Behera, S.; Rossi, M.; Wang, Y.; Izydorczyk, M. B.; Tran, D.; Dalgard, C. L.; Kalef-Ezra, E.; Kottapalli, K.; Mehta, H.; Parnaby, G.; Risse-Adams, O. S.; Scholz, S. W.; Shen, H.; Nelson, T. M.; Visvanath, A.; Zheng, X.; Doddapaneni, H.; Garcia, T. X.; Mason, C. E.; Proukakis, C.; Han, J.; Mehio, R.; Catreux, S.; Sedlazeck, F.
Show abstract
Detecting low variant allele fraction (VAF) mosaic variants without matching controls remains a major challenge in genomics, limited by technical noise, lack of benchmarks, and computational scalability. We present the DRAGEN mosaic caller, a hardware-accelerated approach identifying variants down to [~]1-2% VAF with low false-positive rates and hour-scale runtimes for mosaic SNV/indel detection from bulk sequencing.
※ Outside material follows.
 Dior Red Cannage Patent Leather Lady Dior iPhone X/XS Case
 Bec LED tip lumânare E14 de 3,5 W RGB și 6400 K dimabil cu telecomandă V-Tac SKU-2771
To support evaluation, we introduce a genome-wide low-VAF benchmark for variants between 1-10% VAF. Application to blood, sperm, and brain tissues revealed patterns, including mosaic hotspots and mutational signatures. The first analysis of HG002 blood showed that many "mosaic" variants defined from HG002 cell lines are likely culture-derived and not in vivo mutations. Importantly, DRAGEN also enables personalized assembly pangenome references to improve alignment and mosaic variant detection in complex regions. Together, this development makes routine low-VAF discovery feasible, opening new opportunities to study mosaic mutations in healthy and disease individuals.